> **Directions**
The full set of lines below has to be duplicated exactly, with no picture kept.
BEGIN Records for this task
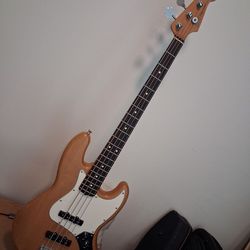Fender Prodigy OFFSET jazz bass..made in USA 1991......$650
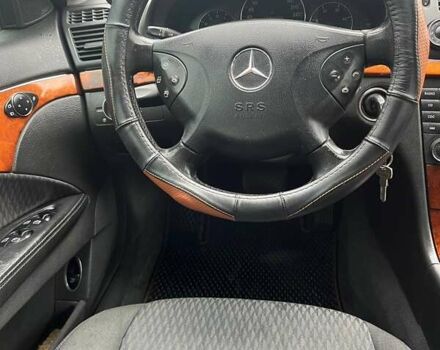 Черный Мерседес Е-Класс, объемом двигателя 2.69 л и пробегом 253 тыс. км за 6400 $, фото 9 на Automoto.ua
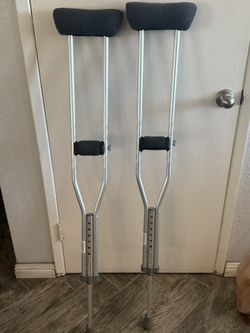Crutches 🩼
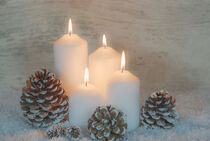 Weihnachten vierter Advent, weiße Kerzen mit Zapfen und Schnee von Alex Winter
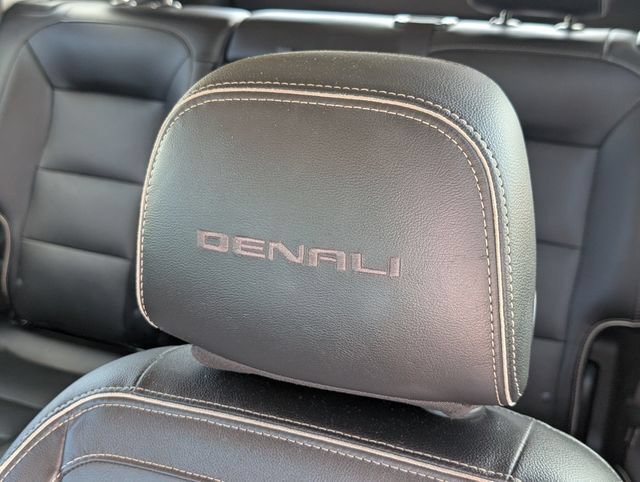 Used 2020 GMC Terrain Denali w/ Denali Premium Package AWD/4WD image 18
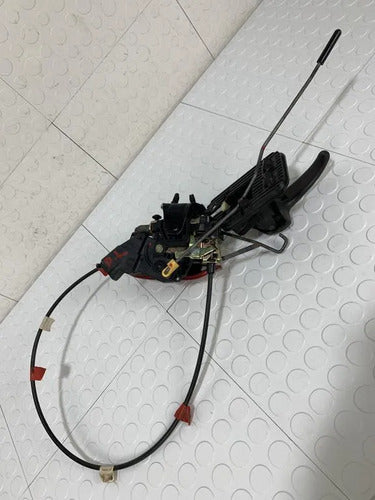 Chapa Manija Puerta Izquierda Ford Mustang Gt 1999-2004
END Records for this task
> **Solution below**
Fender Prodigy OFFSET jazz bass..made in USA 1991......$650
 Черный Мерседес Е-Класс, объемом двигателя 2.69 л и пробегом 253 тыс. км за 6400 $, фото 9 на Automoto.ua
Crutches 🩼
 Weihnachten vierter Advent, weiße Kerzen mit Zapfen und Schnee von Alex Winter
 Used 2020 GMC Terrain Denali w/ Denali Premium Package AWD/4WD image 18
 Chapa Manija Puerta Izquierda Ford Mustang Gt 1999-2004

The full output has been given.